Start of SUPPLIED DATA

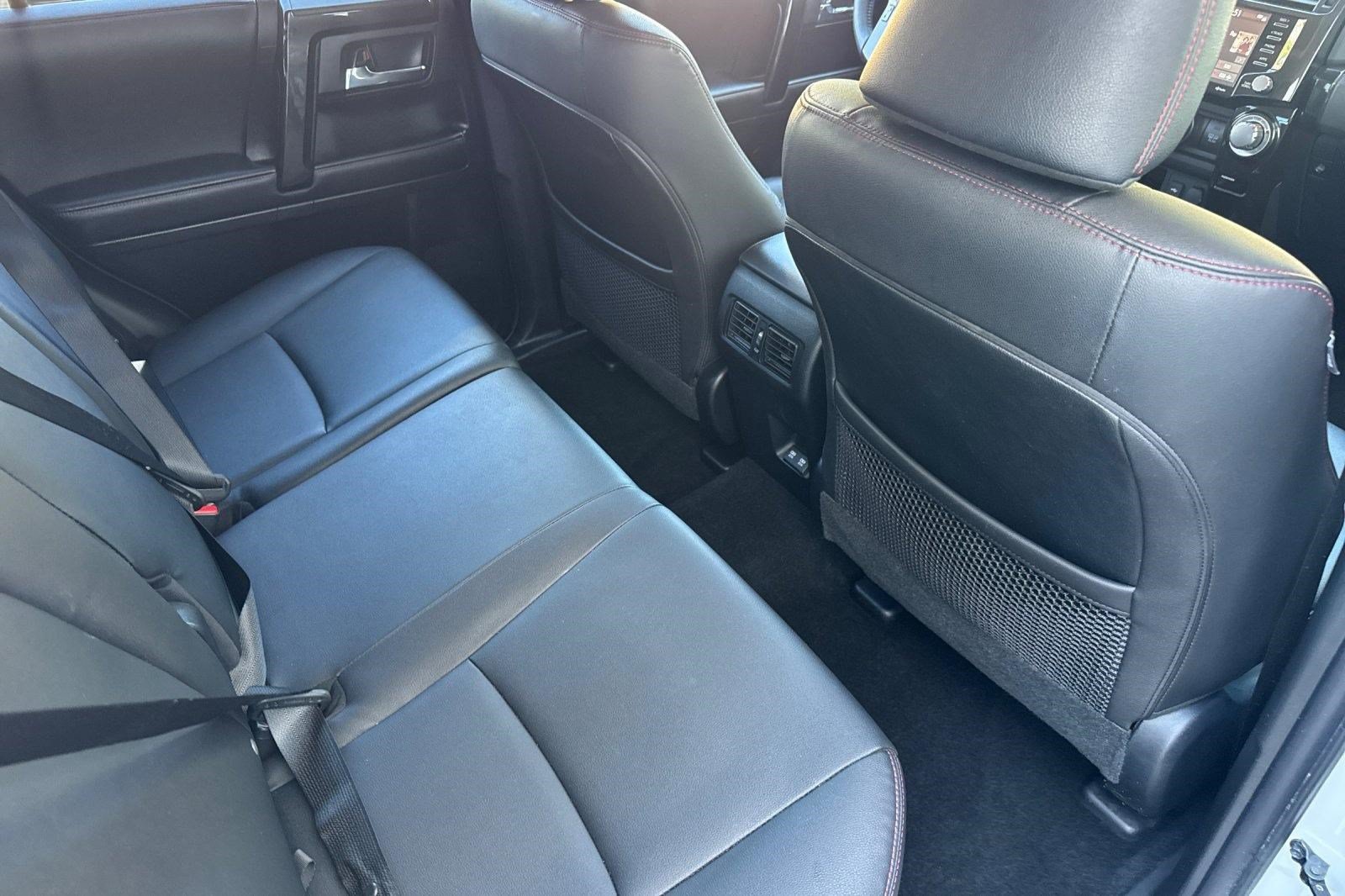 Used 2022 Toyota 4Runner TRD Off-Road Premium w/ TRD Black Wheel Package (TMS) AWD/4WD image 32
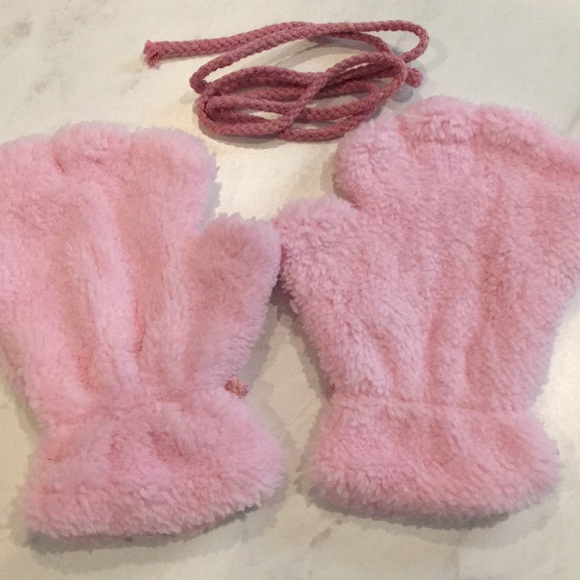 Pink fuzzy fingerless gloves - Picture 2 of 4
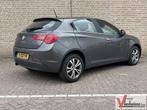 Alfa Romeo Giulietta 1.4 T Distinctive | Climate | Cruise |, Auto's, Zwart, 149 g/km, Bedrijf, Zilver of Grijs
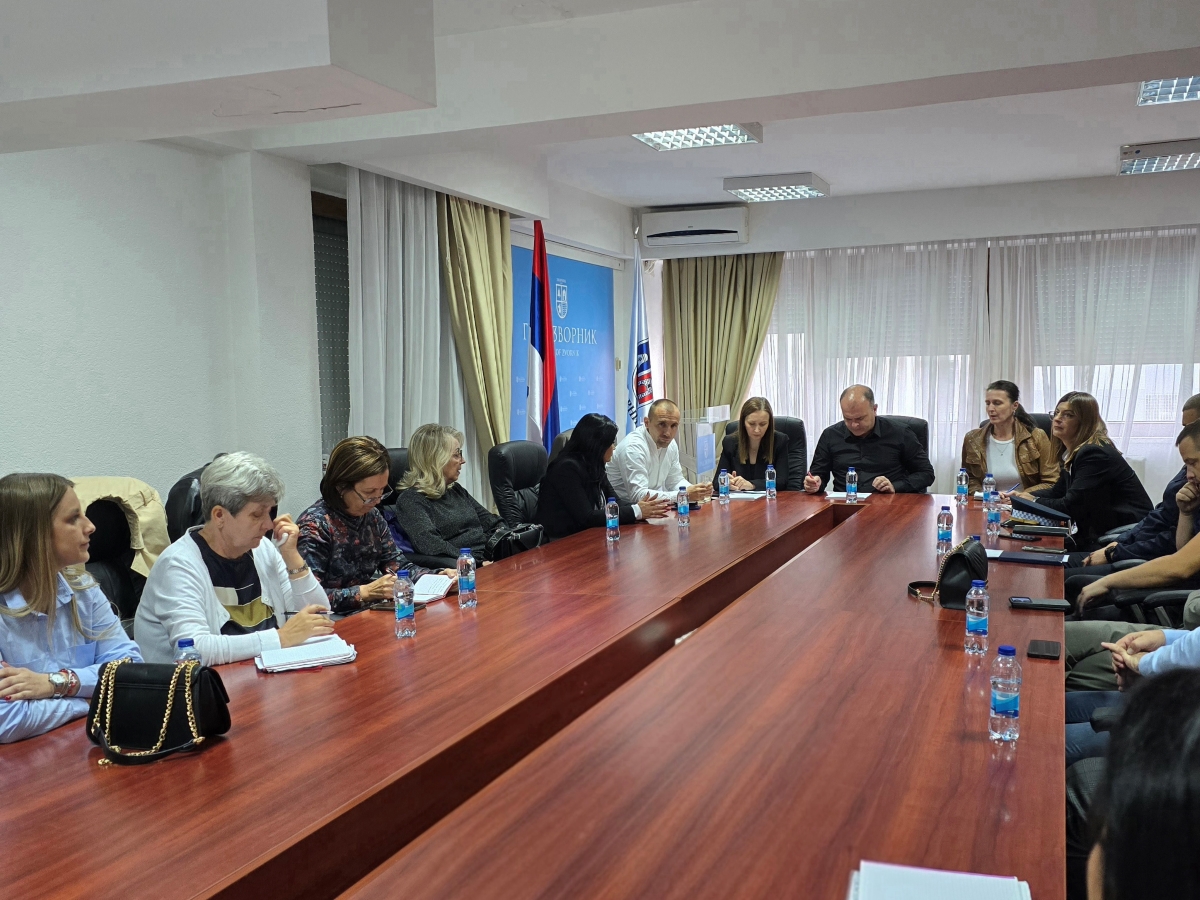 Gradska uprava Zvornik: Održan sastanak o vršnjačkom nasilju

End of SUPPLIED DATA

*YOUR TASK:* Reproduce the data above verbatim, minus any images.

*RESULT OF THIS TASK:*
 Used 2022 Toyota 4Runner TRD Off-Road Premium w/ TRD Black Wheel Package (TMS) AWD/4WD image 32
 Pink fuzzy fingerless gloves - Picture 2 of 4
 Alfa Romeo Giulietta 1.4 T Distinctive | Climate | Cruise |, Auto's, Zwart, 149 g/km, Bedrijf, Zilver of Grijs
 Gradska uprava Zvornik: Održan sastanak o vršnjačkom nasilju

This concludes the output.